Journey, created by Thatgamecompany and released for PlayStation 3 (I played mobile), is a game designed for up to two players who are open to slower, more atmospheric, and emotionally reflective experiences. Although it is often described as an adventure game rather than a pure walking simulator, it uses many walking-sim values: limited mechanics, environmental storytelling, quiet exploration, and an emphasis on feeling over winning. My argument is that Journey tells its story by making walking meaningful. Movement is not just transportation between story moments. Instead, walking becomes the story’s main language.
Clark explains that “walking sim” originally started as an insult for games that seemed to take out the parts people usually expect from video games, like combat, failure, or difficult puzzles. But the article argues that this misses the point. Walking sims are not interesting because they have “less” gameplay. They are interesting because they make room for different kinds of gameplay, like exploring, noticing details, feeling atmosphere, and experiencing a story at your own pace. Journey is a good example of this. Its mechanics may be simple, but they are not empty. Because there is no constant fighting or complicated objective system, the player pays more attention to the world, the mood, and the feeling of moving through the landscape.
One of Journey’s cleverest design choices is the mountain. From the start, the glowing mountain appears in the distance, partially hidden by haze and light. In my screenshots, the mountain is not marked with a giant arrow or objective text. It simply sits there, glowing, visible enough to guide the player but distant enough to feel unreachable. This is strong visual design because the environment itself performs the role of instruction. The game does not need to say, “Go here.” The landscape teaches the player what matters. The mountain becomes both a destination and a promise.

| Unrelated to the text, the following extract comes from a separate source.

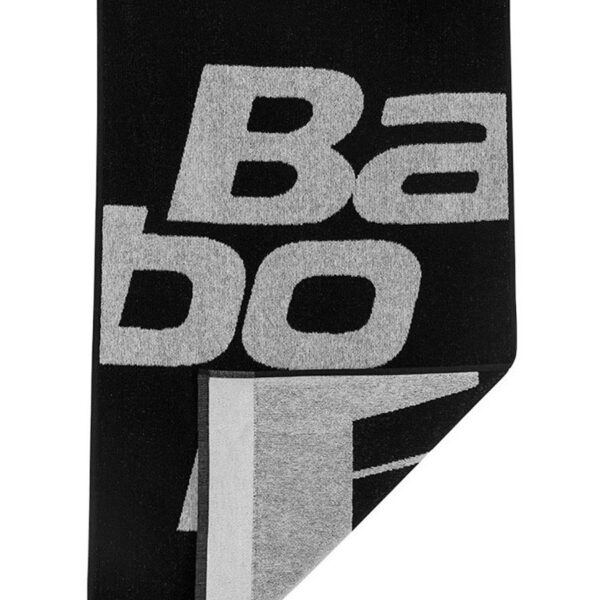 Black and white image of a professional player holding a racquet and preparing to serve in a tennis match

The desert and ruins both tell the story through movement. In the early screenshots, the player is a tiny robed figure surrounded by huge dunes and warm golden light, making them feel more like a small traveler than a powerful hero. Walking through sand feels slow, while sliding down dunes feels graceful and freeing, so the player feels the mood change through the way they move. Later, the ruins add history to that feeling. Broken bridges, tiled platforms, glowing cloth fragments, and massive abandoned buildings suggest that a civilization once existed there, but the game does not explain everything through dialogue. Instead, it asks the player to walk through the evidence. The broken architecture is not just decoration, but it changes where the player looks, how they move, and what they imagine.

Journey feels different from many violent games because movement is not about controlling or beating the space. In combat-based games, you usually move to hide, attack, collect weapons, or get to the next fight. In Journey, the desert, ruins, and mountain are there for you to move through and respond to. Violence is still present through the machine-like creatures and the ruined world, but the player is not given a weapon or a way to fight back. Instead of focusing on defeating an enemy, the player has to get through the danger. This makes the story less about power and more about survival. The game still has tension, but it does not need combat.
The online multiplayer system strengthens this argument. When another traveler appears, there is no voice chat or text chat. Players can only communicate through movement and small musical chirps. You can choose to wait for the other person, guide them, chirp back, or travel beside them. In violent multiplayer games, another player is often an opponent, target, or strategic teammate. In Journey, another player becomes a temporary companion. The design removes many tools for domination and replaces them with small gestures of care. Walking together becomes the main form of relationship.
A useful comparison is Gone Home, another game often discussed in relation to walking simulators. Gone Home uses walking as investigation. The player moves through a house, examining objects to uncover a specific family story. Journey uses walking differently. It is less about collecting concrete information and more about moving through an emotional and symbolic arc. In Gone Home, walking means searching. In Journey, walking means becoming. This comparison shows that walking can create different kinds of storytelling depending on how the game designs space and movement.
One critique of Journey is that its abstraction can sometimes make the story feel vague. The lack of dialogue and explanation creates beauty and openness, but it can also make the world’s history difficult to understand. Compared to Gone Home, where objects provide specific narrative evidence, Journey sometimes relies so heavily on mood that the player may feel the emotion without fully understanding the stakes. More interactive environmental clues, such as additional murals or ruins that respond to the player, could deepen the world without ruining the quietness that makes the game powerful.

Still, Journey works because its design choices all support the same idea. The walking, silence, visuals, limited violence, and anonymous companion system all push the player to slow down and pay attention. The game shows that walking is not just filler between “real” gameplay moments. It can create tension, loneliness, and wonder on its own. It is how the game builds its story, especially through the slow climb toward the mountain and the quiet experience of traveling with another player.